What the task asks
Your answer should hold only the lines from the one containing "Smooth or rough, it's" through the last line below, copied exactly; pictures stay out.

Data provided
------------
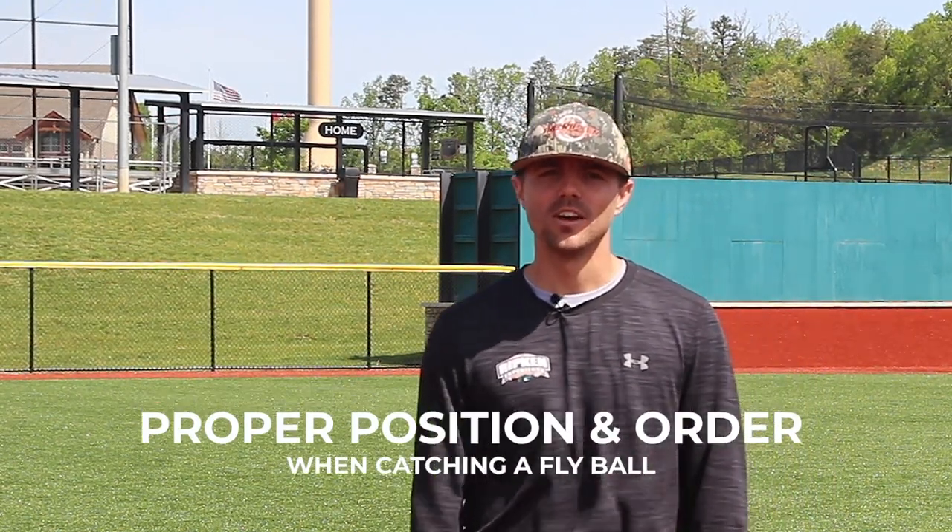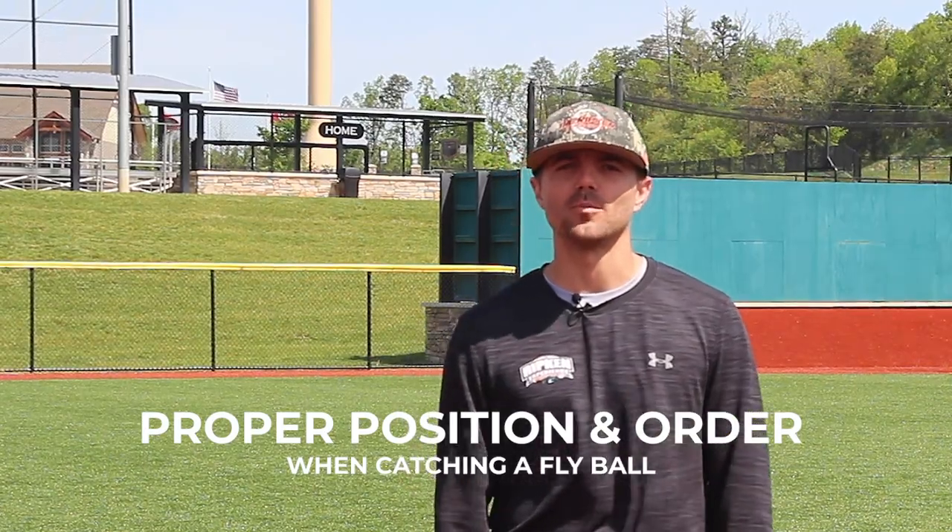Hi, I'm Matt Roland and this is Ripken Baseball's training tip of the day. As an outfielder, most of our outs are primarily made in the air, so today we will cover the importance of the correct order in which we catch a fly ball.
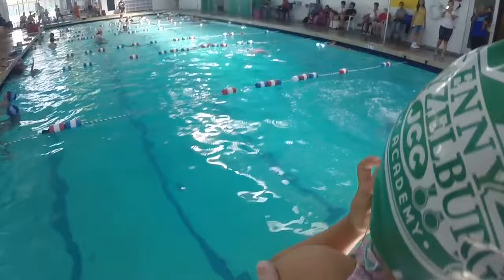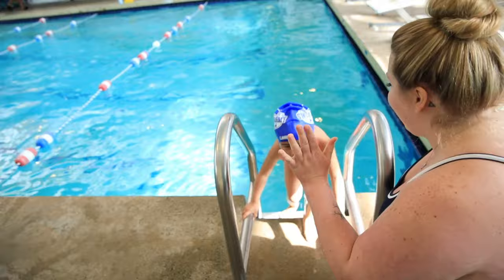Survival tests provide both parents and children with the confidence of knowing that they can survive in a real-life emergency situation. This is a unique and valued part of the Swim Right Method.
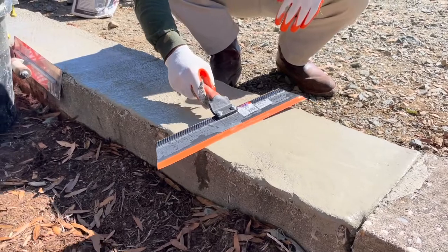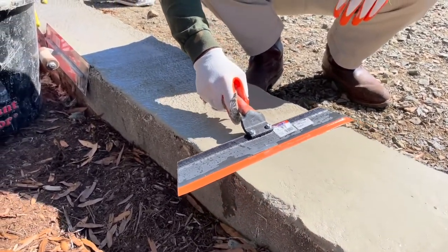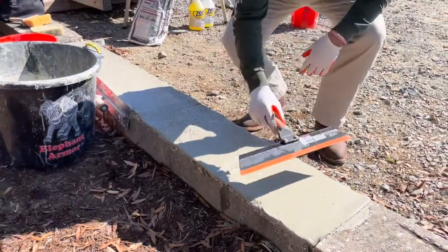Smooth or rough, it's up to you. For this demo, we're going to leave this half rough and this little portion smooth.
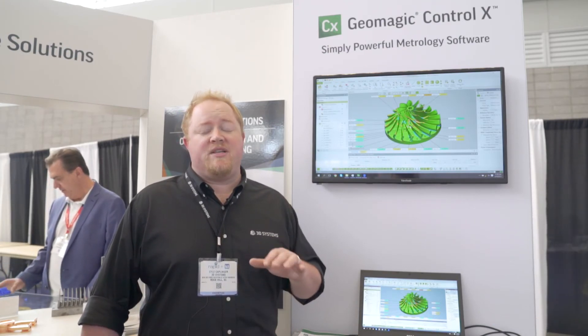This is just a few features of what Geomagic Control X can do. For more information, please visit www.3dsystems.com.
------------
Task solution
Smooth or rough, it's up to you. For this demo, we're going to leave this half rough and this little portion smooth.
This is just a few features of what Geomagic Control X can do. For more information, please visit www.3dsystems.com.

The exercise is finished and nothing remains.